> [What you will do]
Type out the lines below exactly, from the first through the line holding "7 Mills Road, Wanaka - Carousel 26", and include no pictures.

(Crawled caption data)
-=-=-

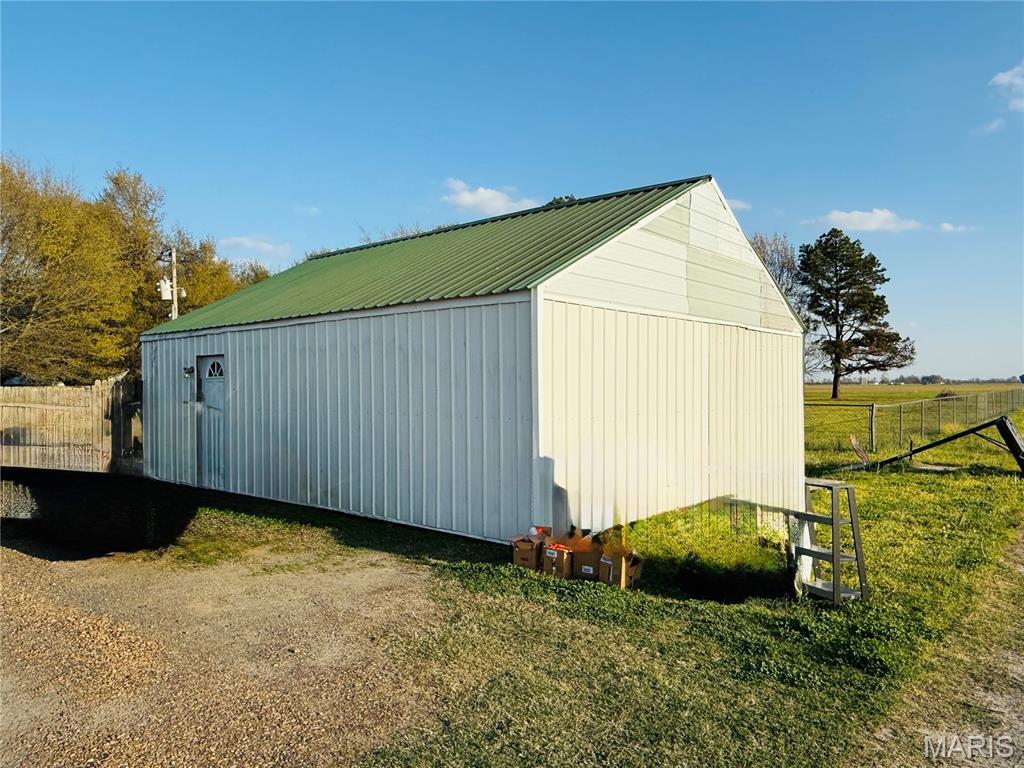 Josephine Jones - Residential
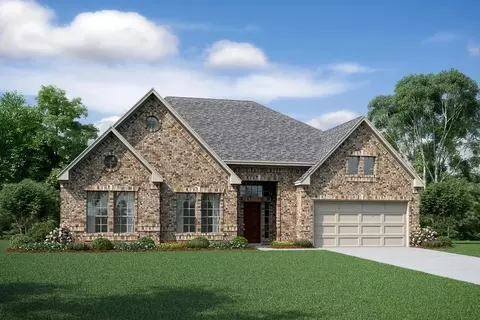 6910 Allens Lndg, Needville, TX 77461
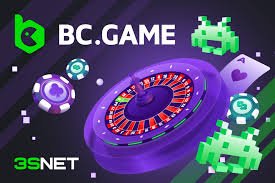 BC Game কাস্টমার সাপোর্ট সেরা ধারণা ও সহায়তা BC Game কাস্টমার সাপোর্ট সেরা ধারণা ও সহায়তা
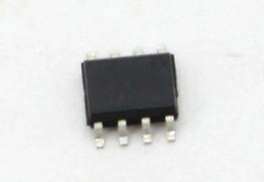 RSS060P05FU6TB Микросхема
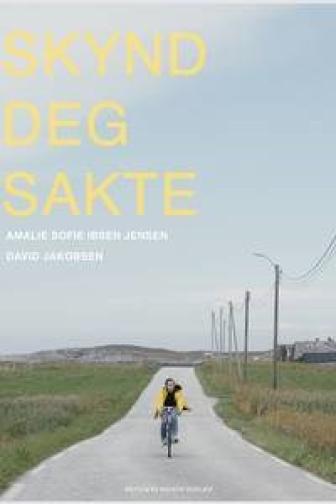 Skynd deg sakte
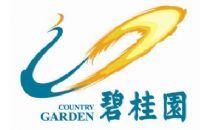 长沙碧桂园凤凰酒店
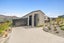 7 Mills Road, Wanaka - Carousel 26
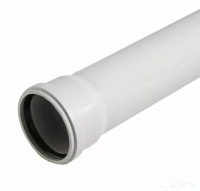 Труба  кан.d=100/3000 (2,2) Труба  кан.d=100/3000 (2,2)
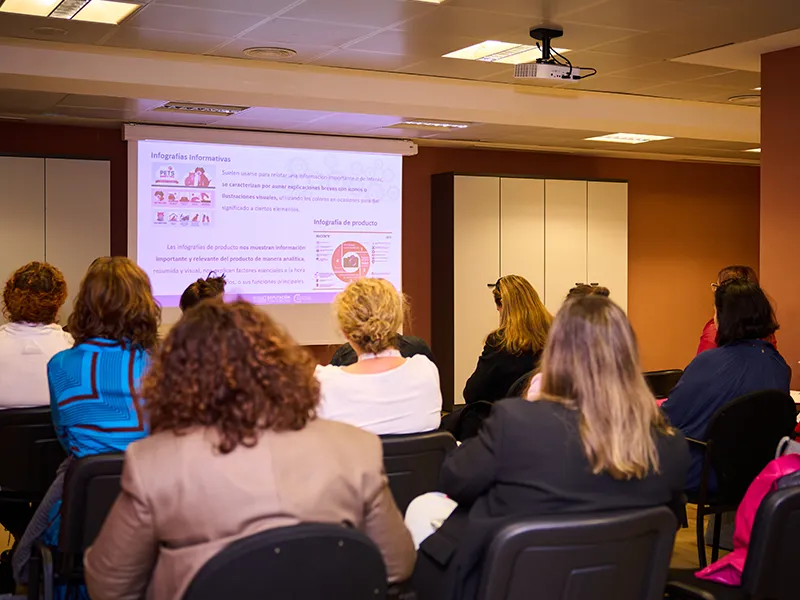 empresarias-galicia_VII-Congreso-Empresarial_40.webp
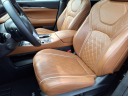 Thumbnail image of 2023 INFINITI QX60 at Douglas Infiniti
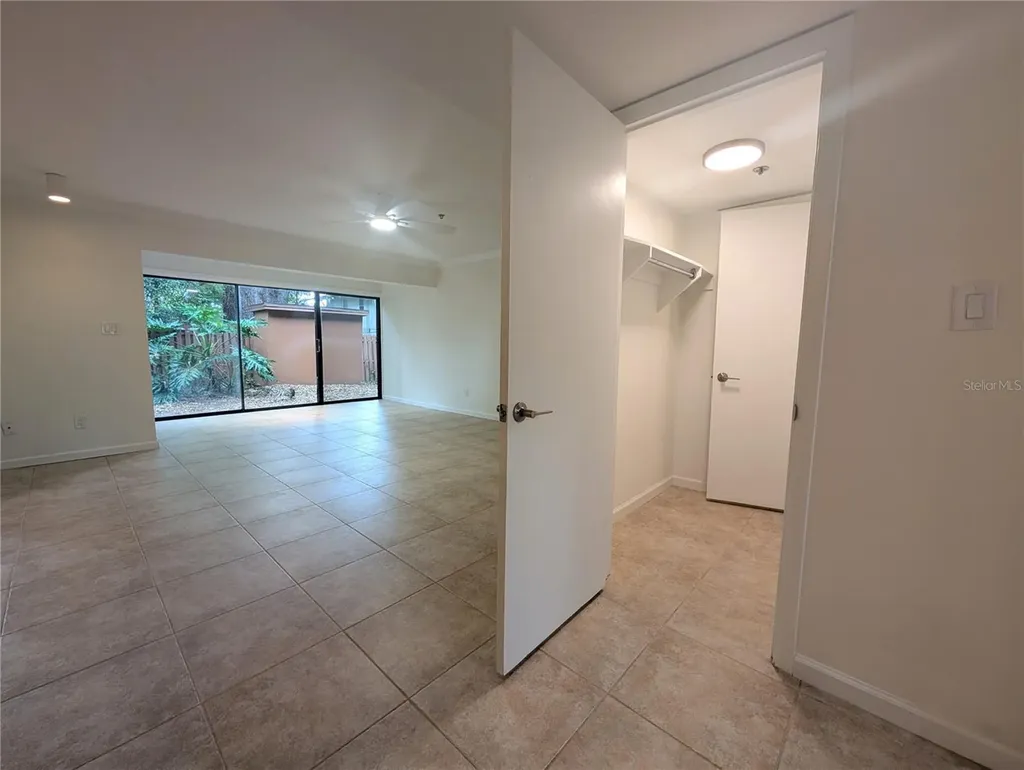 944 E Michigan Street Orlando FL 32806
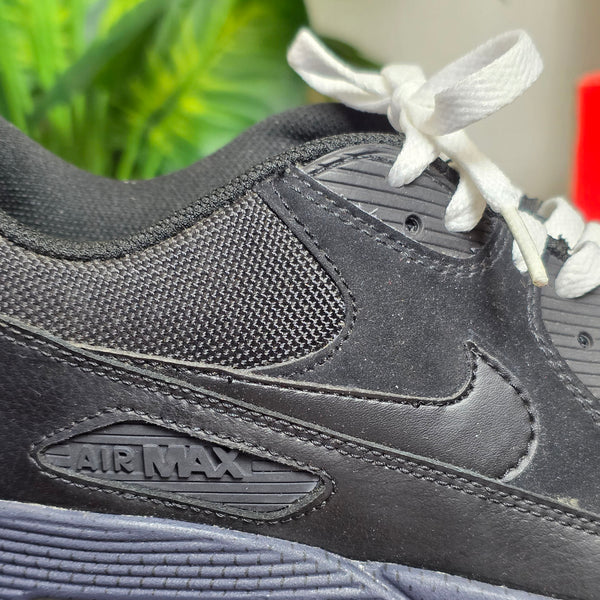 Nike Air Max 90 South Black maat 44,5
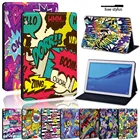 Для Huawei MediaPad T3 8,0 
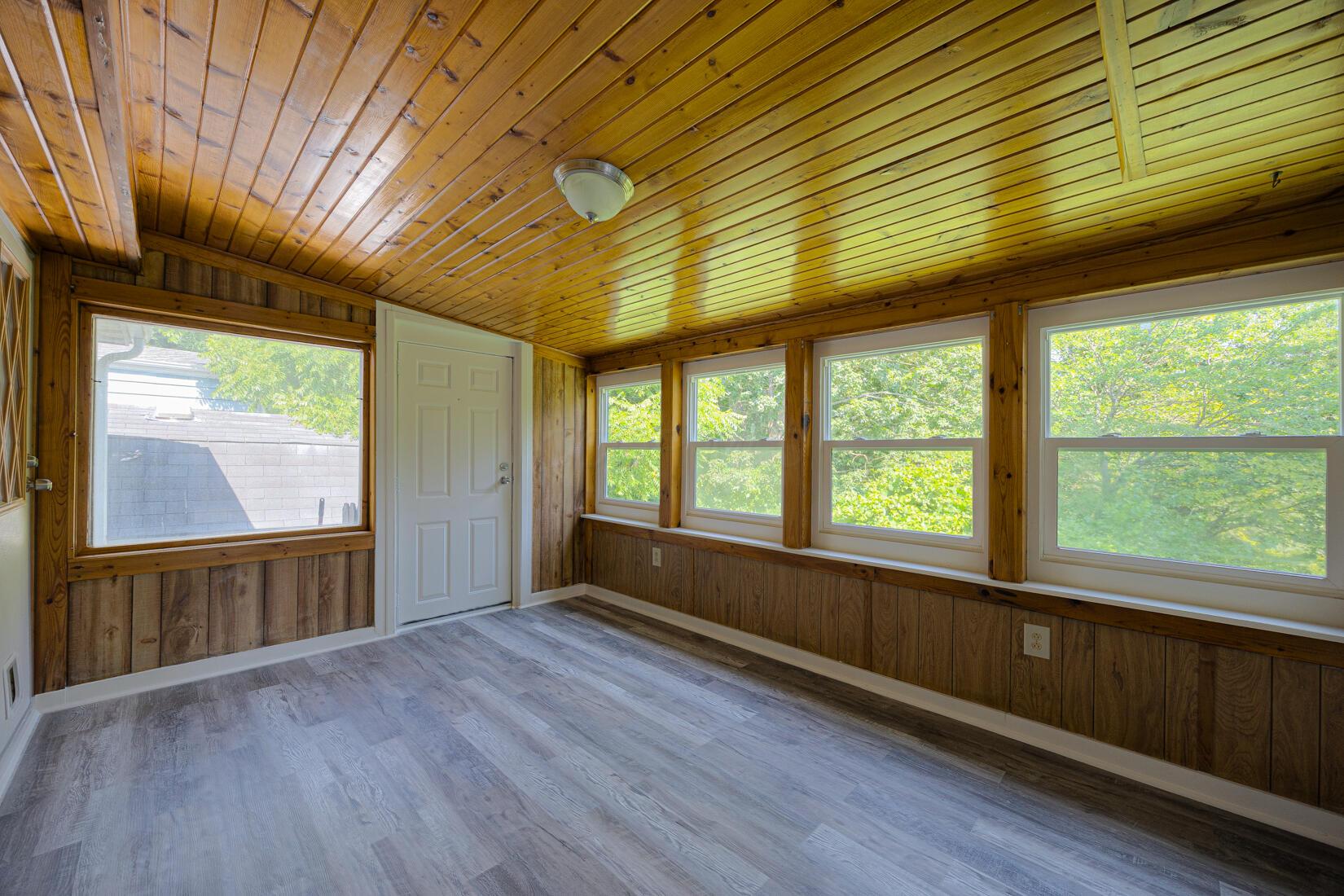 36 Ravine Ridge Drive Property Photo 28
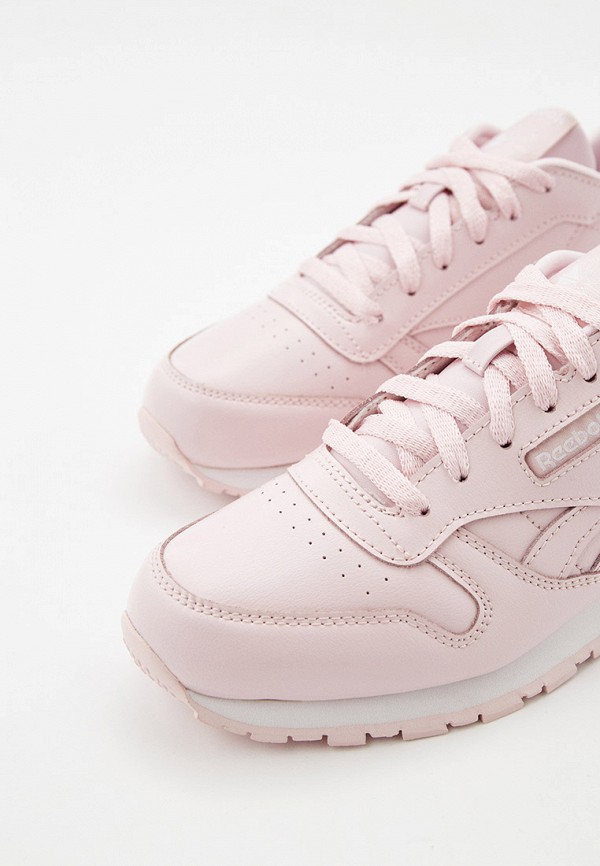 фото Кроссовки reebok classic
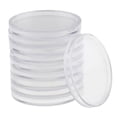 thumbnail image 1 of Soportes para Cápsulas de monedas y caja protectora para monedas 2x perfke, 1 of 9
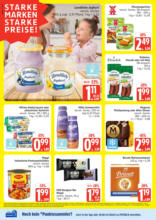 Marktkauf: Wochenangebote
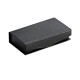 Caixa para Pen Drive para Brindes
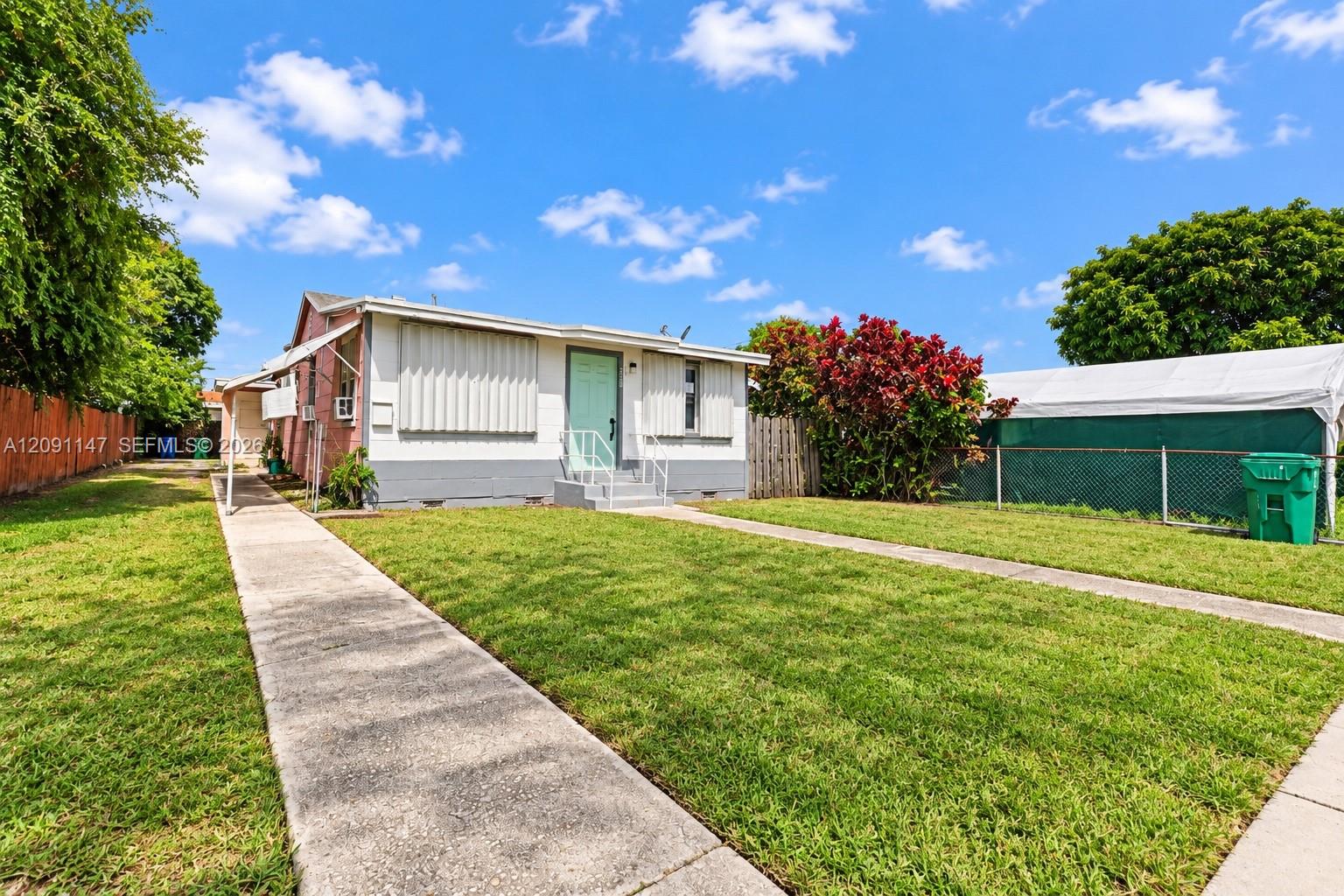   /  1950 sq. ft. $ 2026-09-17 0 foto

-=-=-

> [Answer to the problem]
 Josephine Jones - Residential
 6910 Allens Lndg, Needville, TX 77461
 BC Game কাস্টমার সাপোর্ট সেরা ধারণা ও সহায়তা BC Game কাস্টমার সাপোর্ট সেরা ধারণা ও সহায়তা
 RSS060P05FU6TB Микросхема
 Skynd deg sakte
 长沙碧桂园凤凰酒店
 7 Mills Road, Wanaka - Carousel 26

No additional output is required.